AST: What are the key regulatory issues you are currently facing?
Bohan: There is a lot of preparatory work going on at the moment, but so far none of the changes have been particularly drastic. The two key issues we’re looking at are FATCA and the rules that demand proof of the fitness and probity of directors and key staff within an organisation. For us, though, this is not new, we were prepared for the fit and proper staff controls before the crisis hit. Will FATCA provide opportunities for fund administrators? I’m not sure.
In many ways, the fund administration market is much like that of supermarkets, where everyone is watching what everyone else is doing - it may well be built in with only marginal increase in costs as the industry has become more efficient and competitive So if one administrator suddenly started asking for more and more information and charging higher fees, and its competitors don’t change, then it could be a differentiating factor that is not in their favour.

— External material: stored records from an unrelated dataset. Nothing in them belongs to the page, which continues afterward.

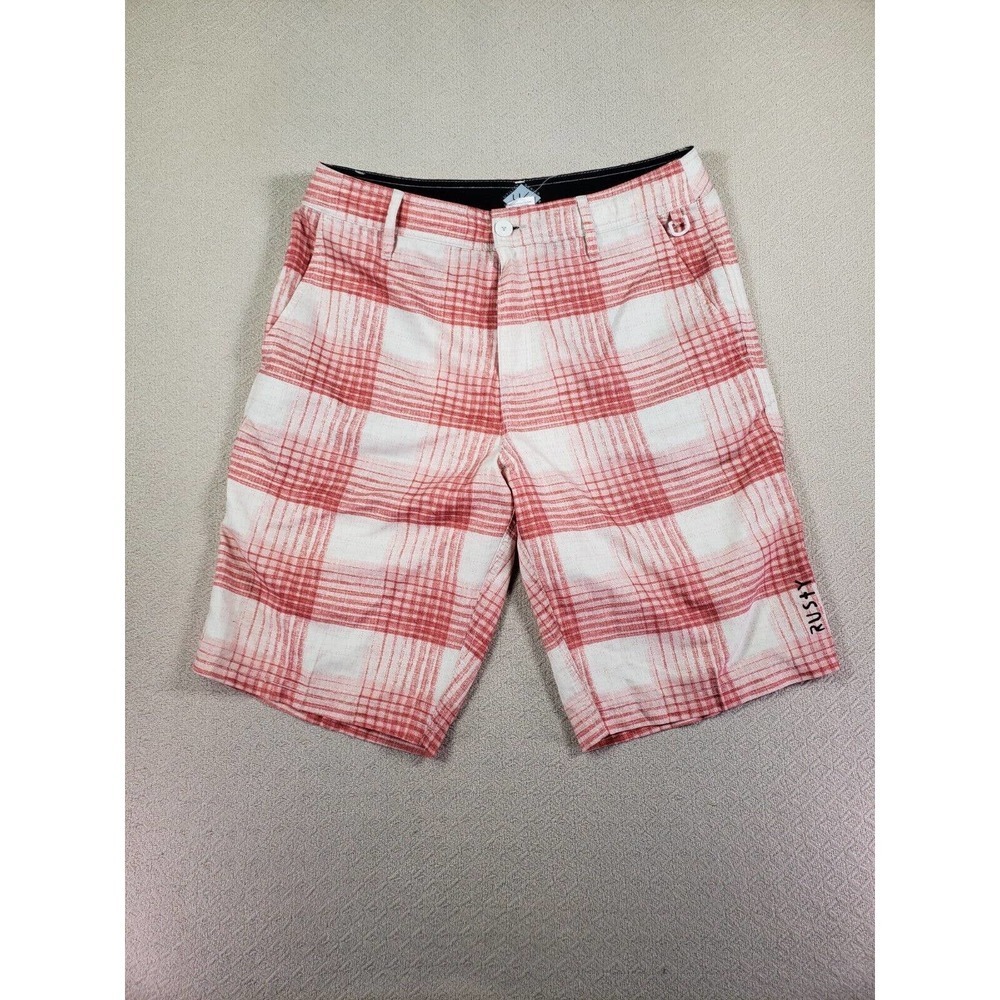 Rusty Shorts‎ Mens 32 Polyester Black Swim Trunks Board Shorts Surf Beach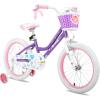 imageJOYSTAR Angel Girls Bike for Toddlers and Kids Ages 213 Years Old 12 14 16 18 20 Inch Kids Bike with Training Wheels ampamp Basket 20 24 Inch Girls Bicycle with Handbrake ampamp KickstandPurple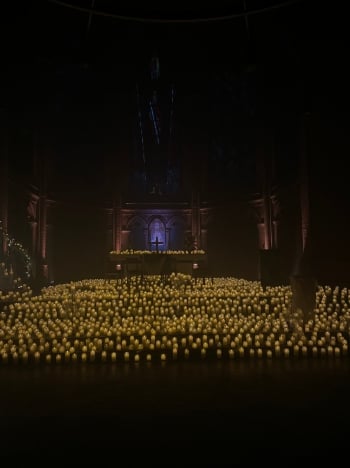 Photo of the candles at the Candlight Concerts in Berlin 2024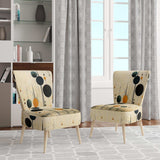 Colorful Mid Century Minimalist Oasis IV- Upholstered Accent Chair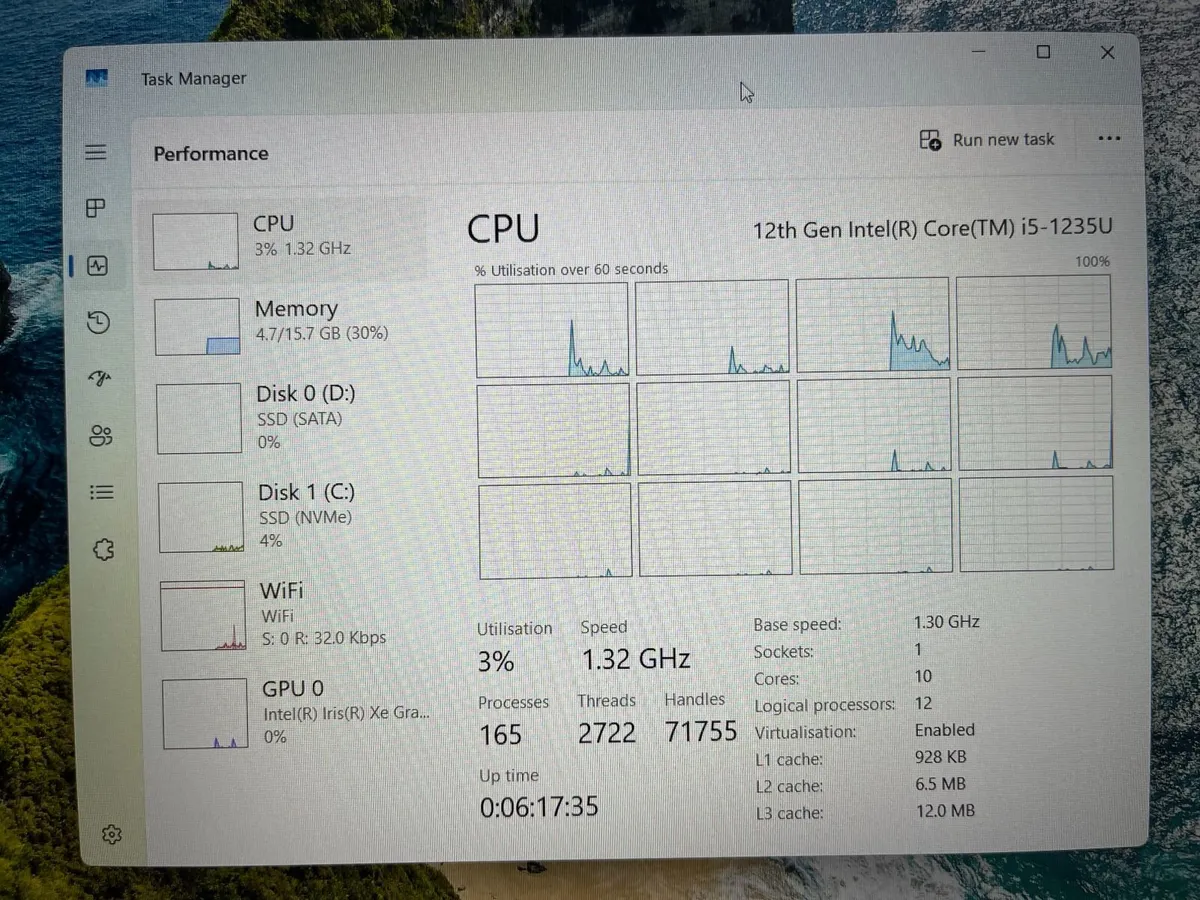 Toshiba Dynabook Protégé-8Gen i5-16GB-256GB SSD - Image 2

With fee pressure on the asset servicing industry so intense, FATCA may give some firms the ability to differentiate so it may not become a revenue earner.
AST: Is there an increased blurring of the lines between the front and the middle office?
Bohan: You can ask 10 different people the definition of the middle office and you’ll get 10 different answers. Is middle office trade settlement, reconciliations, cash management? Where does it begin? Where does it end? Some of the reporting administrators have huge databases with information on every part of the fund - they’re not quite able to churn out live data on profit and loss, but they can give risk management parameters with dynamic charting. This can be offered as standard.
For small and medium sized providers looking for counterparty exposures, that can be provided (for a fee) and that allows then to move away from the separate data systems such as Bloomberg, which are very expensive. This means they’re getting their information from their in-house Excel sheets, and from their administrator. Apex has launched a subsidiary which is providing this service to its clients - allowing them to outsource trade reconciliations and cash management. We can go to fund managers and take on the entire middle office function.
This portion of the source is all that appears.